What if we switched the characters around? What if we didn’t make ourselves the strong man in the story, but instead choose the role of the weak? What if we identified with the broken man?
But no one likes to do that. From our earliest days as children, we grow up identifying with the strong characters of life. The desire to be the hero is bred into us. Children play “doctor”. They don’t play “sick patient”. Little boys want to be the heroic soldier. No one plays prisoner of war. Girls are princesses, not handmaids. When I was playing basketball in the driveway as a child, I always made the game winning shot. I never made the game winning assist. I never missed, letting the whole team and community down. I always came out as the hero. I needed to be the hero. It’s just what we do. So, we should not be surprised when we bring that worldview into the Bible. But I don’t think I’m a hero. I don’t think I’m the Good Samaritan. I think Jesus is.
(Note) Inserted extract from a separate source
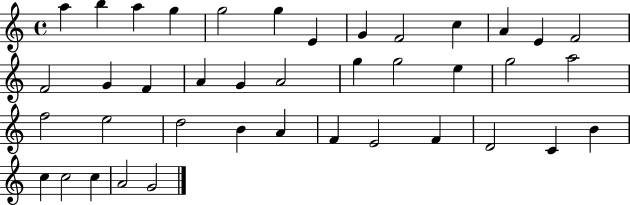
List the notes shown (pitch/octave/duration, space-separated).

A5/q B5/q A5/q G5/q G5/h G5/q E4/q G4/q F4/h C5/q A4/q E4/q F4/h F4/h G4/q F4/q A4/q G4/q A4/h G5/q G5/h E5/q G5/h A5/h F5/h E5/h D5/h B4/q A4/q F4/q E4/h F4/q D4/h C4/q B4/q C5/q C5/h C5/q A4/h G4/h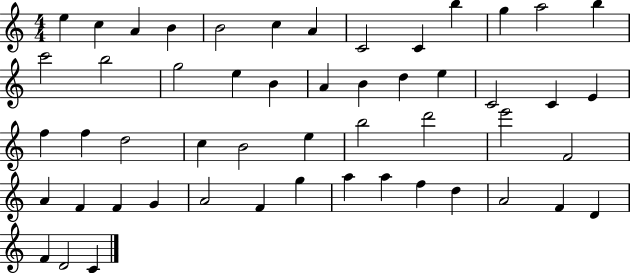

The man broken on the side of the road needed something, someone, anyone to save him. But not anyone would do. It had to be someone who was equipped, qualified and capable of providing the rescue. In this case, it needed to be someone with money, oil and wine, first-aid training, and a donkey. The Priest and the Levite are not presented as having any of these. We could argue all day long as to whether they should or shouldn’t have stopped to help. I don’t think they were able to help. They were helpless and inadequate to meet the need. They were no doubt fine friends when the guy was healthy, but because of their limitations, they were of no use to him when he was beaten half to death.
I think Jesus intends the Jewish audience to identify with the beaten man.
The beaten/broken represents the current human condition. The Priest and the Levite represent the inadequacy and brokenness of the Old Covenant system. The Good Samaritan represents Jesus (the only true Law keeper), as the outcast, bring salvation apart from the Temple system and doing what the Law could never do, by providing scandalous and excessive grace in giving all He had to mend the broken (saving grace) and promising to continue to provide all that is needed to see to the full healing and restoration of the man (sustaining grace).
This is a story about one man left for dead, and another man giving all he has to bring him back to life, with the promise to richly supply for every future need. What does that sound like?
It is my opinion that it is an irreverent (even if unintentional) reduction to minimize the point of this parable down to a moral lesson about feeding and funding the less fortunate. It is intended to be a parable of the human problem and divine solution to that problem.
The broken man needed an Advent. He was rescued by the First Advent of the Samaritan. Then the Samaritan promised a Second Advent. He promised to return to finally set everything right.
Jesus is my Good Samaritan. He has rescued me. At His First Advent, He entered into my world and found me broken and beaten down by my existence in and participation with the sin of this world. He has dressed my wounds, set me on His donkey and taken me to the inn, through His sacrifice on the Cross. He has promised to richly supply all that is needed. He has promised to return.
I might still be wounded and at times sore. I know I’m not all I will be one day. I may still be in the bed, at the inn, waiting for my Good Samaritan to return. But I’m not on the side of the road anymore!
Jesus is my Good Samaritan. Perhaps, this is why a story about a man getting beat half to death by robbers, keeps popping up in my head as being a perfect story for Advent and Christmas.